Transit to Green Space is an ongoing exploration of ways to reach our parks and natural areas without cars.
When: July 9, 2011
How: Mostly bike
How long: N/A. This is an in-town green space, and people mostly came from fairly close
Ease: Very easy. The Ecoyard is located in the heart of the cities, a block north of the busy intersection of Lake Street and Hiawatha Ave. near 3 major non car transportation routes: the #55 LRT line (running North – South), the #21 high frequency bus route (running East – West) and the Midtown Greenway bike/pedestrian trail (running East – West).
Worth Doing: The Ecoyard is well worth it for anyone wanting a quick tour of an area overflowing with native plants.

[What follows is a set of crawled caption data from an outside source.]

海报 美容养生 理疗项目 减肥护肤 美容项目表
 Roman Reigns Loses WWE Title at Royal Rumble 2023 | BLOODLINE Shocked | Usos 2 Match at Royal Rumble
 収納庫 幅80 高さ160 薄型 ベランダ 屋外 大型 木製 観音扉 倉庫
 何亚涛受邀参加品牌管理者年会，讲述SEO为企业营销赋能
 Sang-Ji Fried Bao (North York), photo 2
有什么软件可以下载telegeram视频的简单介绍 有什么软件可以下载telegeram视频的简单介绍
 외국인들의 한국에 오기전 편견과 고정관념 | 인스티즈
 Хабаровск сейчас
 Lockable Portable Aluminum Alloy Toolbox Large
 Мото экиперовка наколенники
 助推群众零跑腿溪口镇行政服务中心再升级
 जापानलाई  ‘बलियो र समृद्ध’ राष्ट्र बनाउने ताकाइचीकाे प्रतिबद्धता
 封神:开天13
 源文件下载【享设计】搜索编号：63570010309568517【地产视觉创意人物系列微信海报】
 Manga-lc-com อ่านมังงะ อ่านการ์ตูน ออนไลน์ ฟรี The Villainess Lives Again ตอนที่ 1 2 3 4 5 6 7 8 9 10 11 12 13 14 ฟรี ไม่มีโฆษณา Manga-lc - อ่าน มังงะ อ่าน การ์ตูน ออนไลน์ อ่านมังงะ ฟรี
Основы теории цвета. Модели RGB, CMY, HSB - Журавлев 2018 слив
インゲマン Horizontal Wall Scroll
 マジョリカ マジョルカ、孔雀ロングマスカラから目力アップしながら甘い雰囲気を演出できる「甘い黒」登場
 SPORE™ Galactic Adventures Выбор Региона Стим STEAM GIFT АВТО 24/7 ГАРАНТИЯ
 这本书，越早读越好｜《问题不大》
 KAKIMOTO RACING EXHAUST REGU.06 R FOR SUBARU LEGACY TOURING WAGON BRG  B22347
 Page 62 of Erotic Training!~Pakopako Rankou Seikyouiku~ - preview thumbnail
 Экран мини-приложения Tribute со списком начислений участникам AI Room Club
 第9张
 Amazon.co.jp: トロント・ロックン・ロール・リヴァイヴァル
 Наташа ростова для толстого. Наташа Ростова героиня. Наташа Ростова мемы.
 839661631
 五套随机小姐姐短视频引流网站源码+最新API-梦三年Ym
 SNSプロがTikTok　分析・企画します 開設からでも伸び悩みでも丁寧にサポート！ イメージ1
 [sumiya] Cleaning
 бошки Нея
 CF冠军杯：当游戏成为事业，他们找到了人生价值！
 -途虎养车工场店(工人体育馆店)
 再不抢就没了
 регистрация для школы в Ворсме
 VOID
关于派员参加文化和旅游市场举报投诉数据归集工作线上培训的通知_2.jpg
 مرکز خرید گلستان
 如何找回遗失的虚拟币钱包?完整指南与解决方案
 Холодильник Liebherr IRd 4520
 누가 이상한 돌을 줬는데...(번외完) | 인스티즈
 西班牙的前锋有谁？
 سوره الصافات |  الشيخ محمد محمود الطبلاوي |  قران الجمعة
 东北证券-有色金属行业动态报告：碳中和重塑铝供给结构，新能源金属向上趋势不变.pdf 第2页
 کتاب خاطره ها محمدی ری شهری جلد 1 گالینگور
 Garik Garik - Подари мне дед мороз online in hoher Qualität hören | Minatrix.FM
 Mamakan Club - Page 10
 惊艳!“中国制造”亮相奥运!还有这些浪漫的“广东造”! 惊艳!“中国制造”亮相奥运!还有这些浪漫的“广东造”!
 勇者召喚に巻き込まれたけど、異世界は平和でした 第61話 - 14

It is small, about one short block in length and maybe 75′ in width at its widest. This makes it an easy place to visit for many in the cities between errands or as you head to other destinations while biking or using transit. It’s easy to combine seeing the garden with a trip to other parks. By bike it’s possible to reach Minnehaha Park using the Greenway and striped lanes on Minnehaha Ave., or via light rail and the 46th st. or 52nd st. stations. Heading West, the Minneapolis lakes are also accessible using the Greenway or the #21 bus. So there are lots of possible combinations.
Our appreciation of the garden was much enhanced by our guide, Gregg Thompson, a sustainable landscaper now working for the city of Eagan. Gregg helped establish the garden in 2006, and knows the plants well. Butterfly weed, purple cone flower, hyssop and monarda were some of the plants in bloom when we visited. We also observed non flowering plants like the drought tolerant and low-mow fescue grass (kentucky bluegrass alternative in some applications), and sweet grass, growing in a swale which captures water. Gregg explained that sweet grass exudes a perfume when dried, a custom of native Americans who used it in their ceremonies. Some of us grabbed a handful; mine is smelling sweet already, even though not dry.
There are many more plants than these in this small garden, so I’m hoping others can comment and add varieties, plus the critters (like the black swallowtail butterfly) they are host to.